A scientist who has led the mainland's internet defences and censorship says he will quit an administrative post to devote more time to related research.
Beijing University of Posts and Telecommunications president Dr Fang Binxing told undergraduates in a commencement address yesterday that he would not serve for another term due to health concerns.
"Due to excessive demands on my body, and without enough time to replenish, I have experienced a serious illness and lost the capacity to stay up working day and night," he said in the speech, which was posted on the university's website. "I can no longer put both academic research and administrative duty on my shoulders.
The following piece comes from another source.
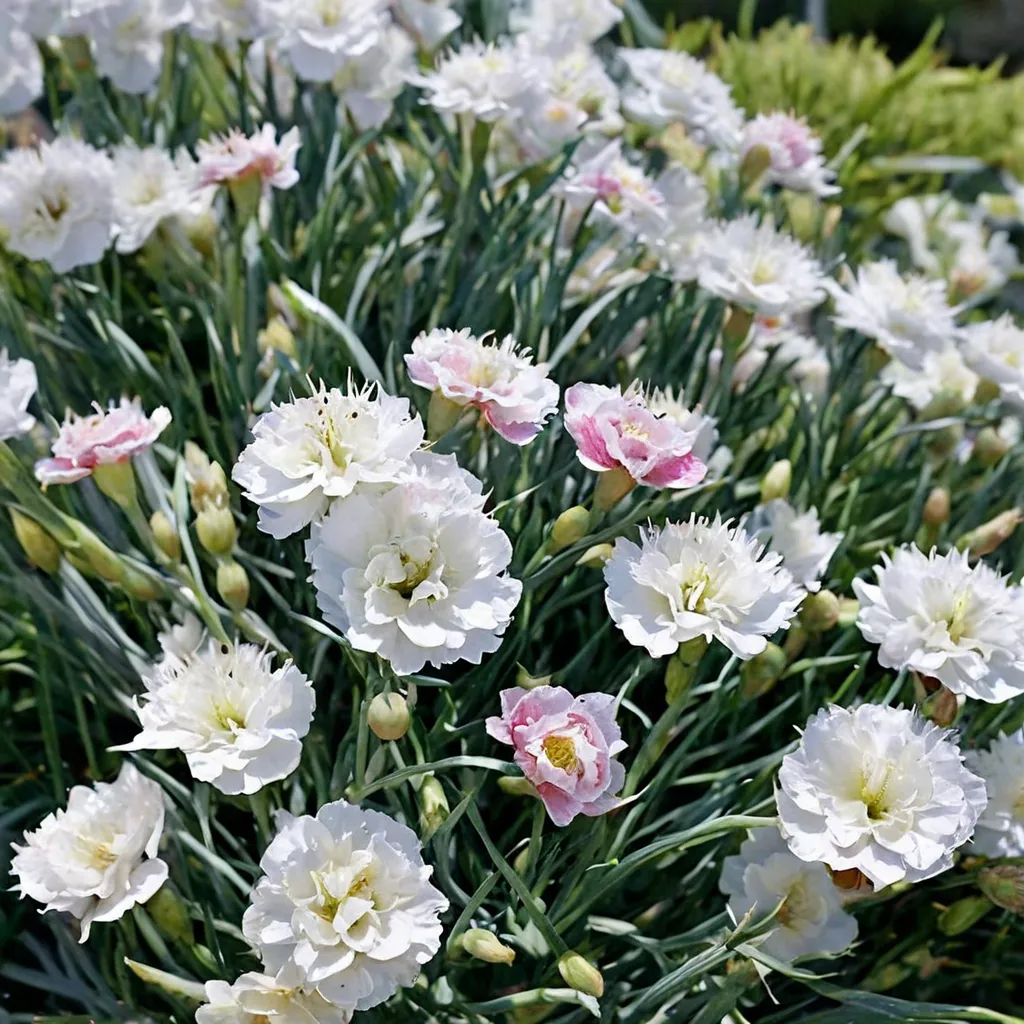 Frosty Dianthus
This is why I have told the authorities that I will not serve for another term."
Fang's office and the university's public relations department confirmed his impending departure but declined to give a date or say where he was heading and who would succeed him.
According to his profile on the university's website, Fang, 53, was one of the first and most prominent government cybersecurity experts on the mainland, serving as a technical adviser to many ministries - including public security, civil affairs, industry and information technology and defence - and the Communist Party's Central Committee.
Fang has openly criticised foreign companies such as Google and Cisco for their connections with the US government. He urged the central government to establish a special committee to screen for possible back doors in overseas software and hardware to protect the mainland's telecommunications infrastructure from sabotage and infiltration, long before American whistle-blower Edward Snowden revealed this month that the US had staged such attacks on the mainland's backbone networks.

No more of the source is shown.